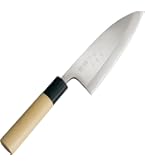 貝印出刃包丁関 孫六刃物 Amazon｜貝印 KAI 関孫六 包丁 薄出刃 195mm 日本製 AB2805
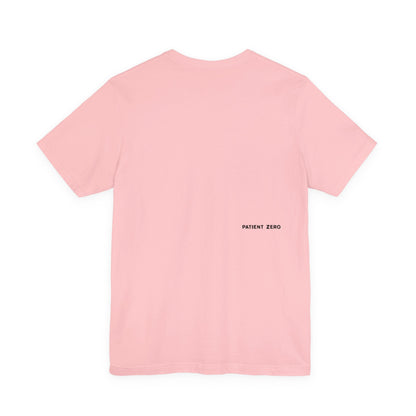 T-Shirt | Godzilla Knows 猫知る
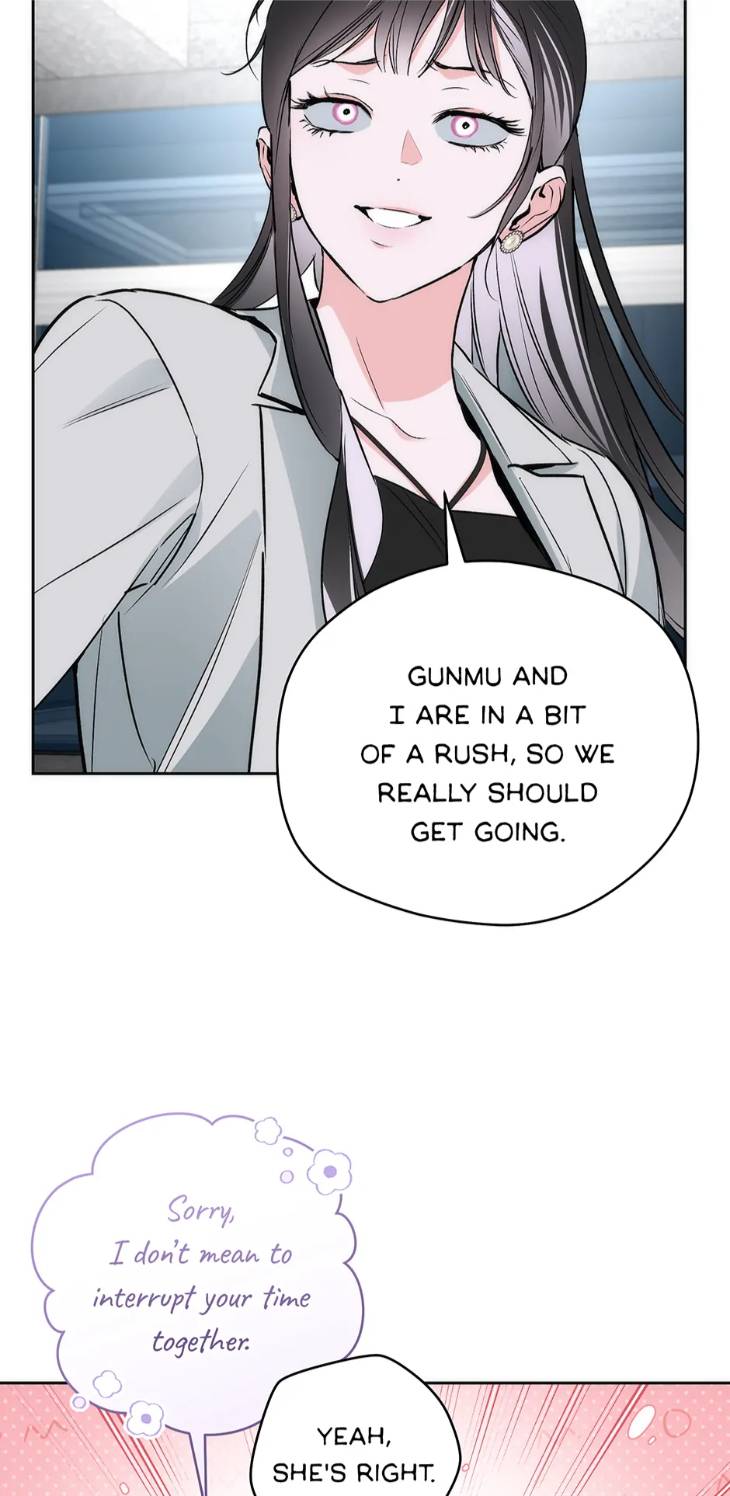 Off-Track-By-Musosik-Rho-Uncensored-Eng page 29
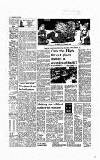 Birmingham Daily Post Friday 06 March 1970 Page 34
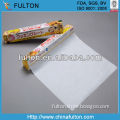 OEM Non-stick High Quality Baking Paper In Color Box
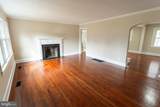 227 Pinehurst Avenue - Photo 6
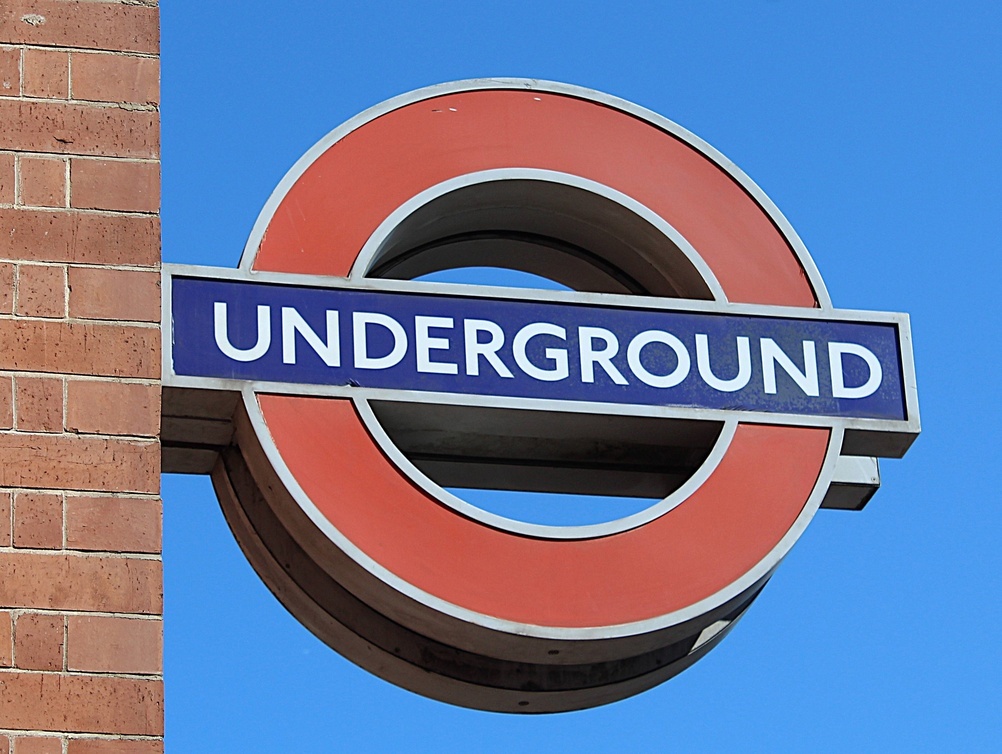 london-travel-disruption-this-weekend:-full-list-of-tube-and-train-closures-for-august-1-2-2026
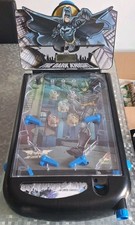 Batman The Dark Knight -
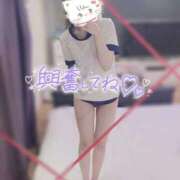 ヒメ日記 2025/11/01 13:01 投稿 なの 奥様はエンジェル　町田店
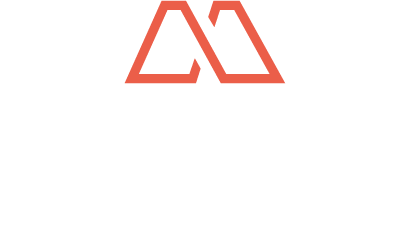 Primary image (AI selected)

────

The problem: Everything in the preceding material must be transcribed exactly, except the images.

Answer section:
 貝印出刃包丁関 孫六刃物 Amazon｜貝印 KAI 関孫六 包丁 薄出刃 195mm 日本製 AB2805
 T-Shirt | Godzilla Knows 猫知る
 Off-Track-By-Musosik-Rho-Uncensored-Eng page 29
 Birmingham Daily Post Friday 06 March 1970 Page 34
 OEM Non-stick High Quality Baking Paper In Color Box
 227 Pinehurst Avenue - Photo 6
 london-travel-disruption-this-weekend:-full-list-of-tube-and-train-closures-for-august-1-2-2026
 Batman The Dark Knight -
 ヒメ日記 2025/11/01 13:01 投稿 なの 奥様はエンジェル　町田店
 Primary image (AI selected)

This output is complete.